:: SUPPLIED INFORMATION ::
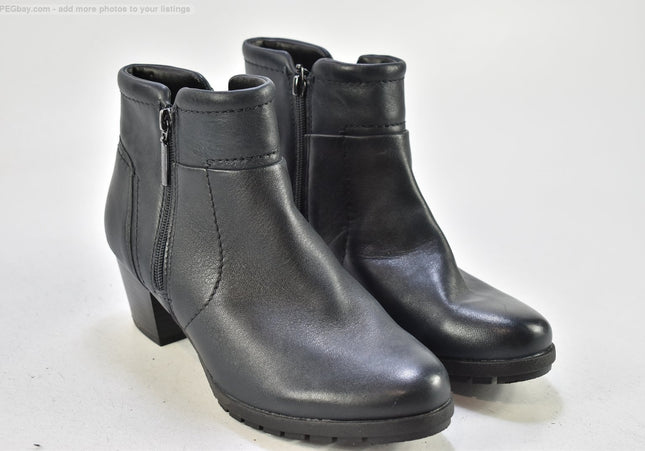 Medicus Damen Stiefelette Boots UK 7,5 Nr. 24-B 6254-Schuh-Gebraucht-secondhand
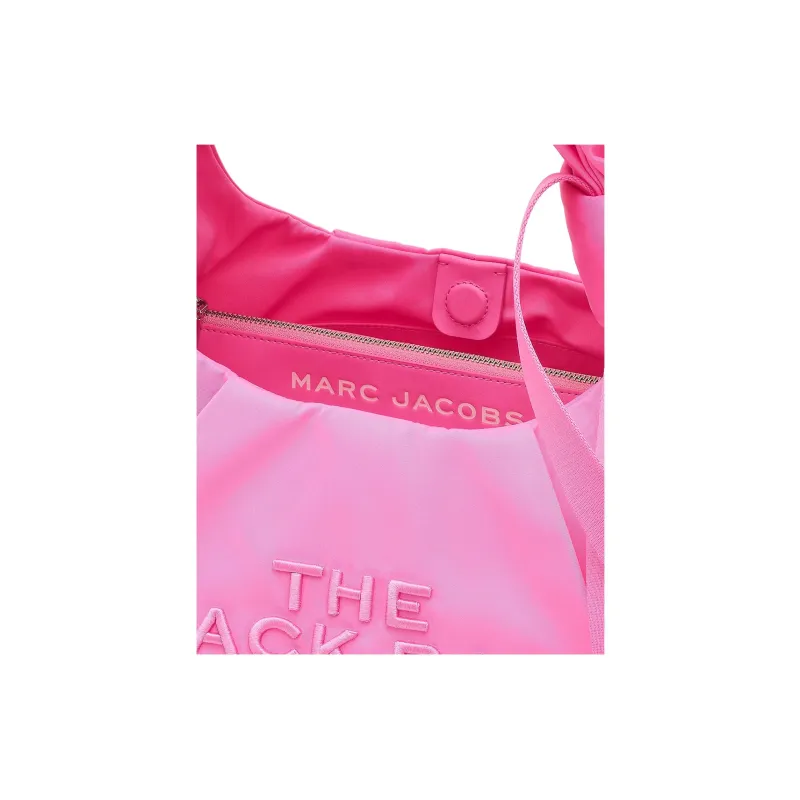 MARC JACOBS Nylon One Shoulder Handbag Women's Pink-4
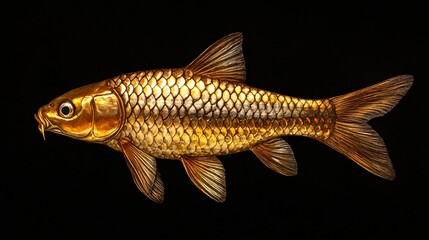 Fototapeta premium fish on a hook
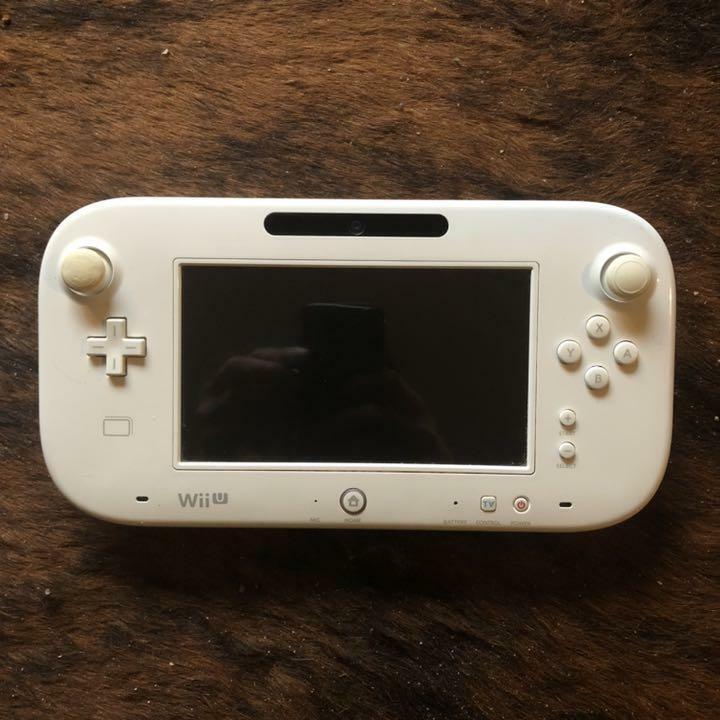 Nintendo Wii U GamePad - White (Renewed)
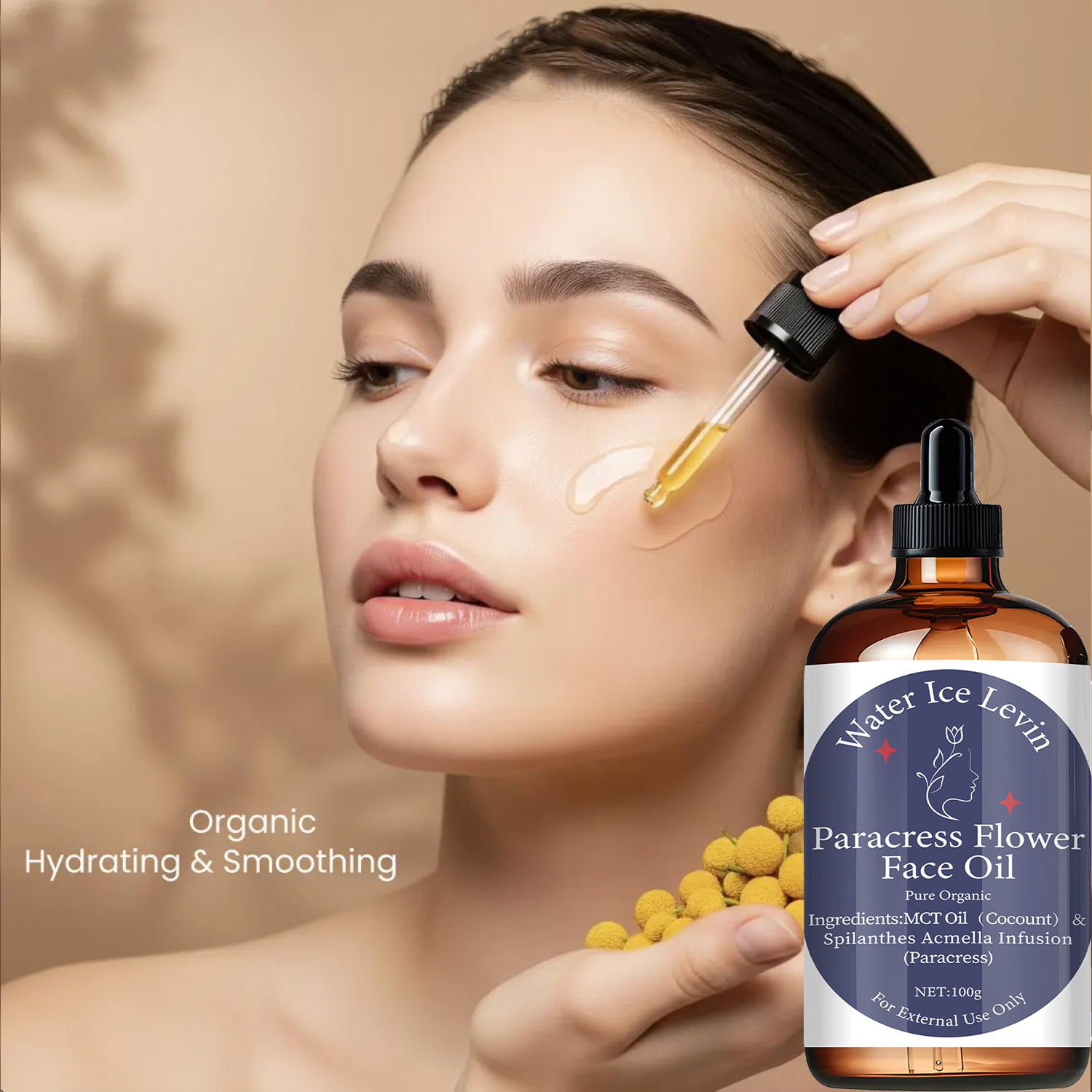 Pure Organic Paracress Flower  - Mct Oil Coconut avaliação e preço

:: REQUIRED WORK ::
Restate word for word only the lines from the one with "Nintendo Wii U GamePad - White (Renewed)" through the last line of the material, both included. Any picture should be left out.

:: RESPONSE BELOW ::
 Nintendo Wii U GamePad - White (Renewed)
 Pure Organic Paracress Flower  - Mct Oil Coconut avaliação e preço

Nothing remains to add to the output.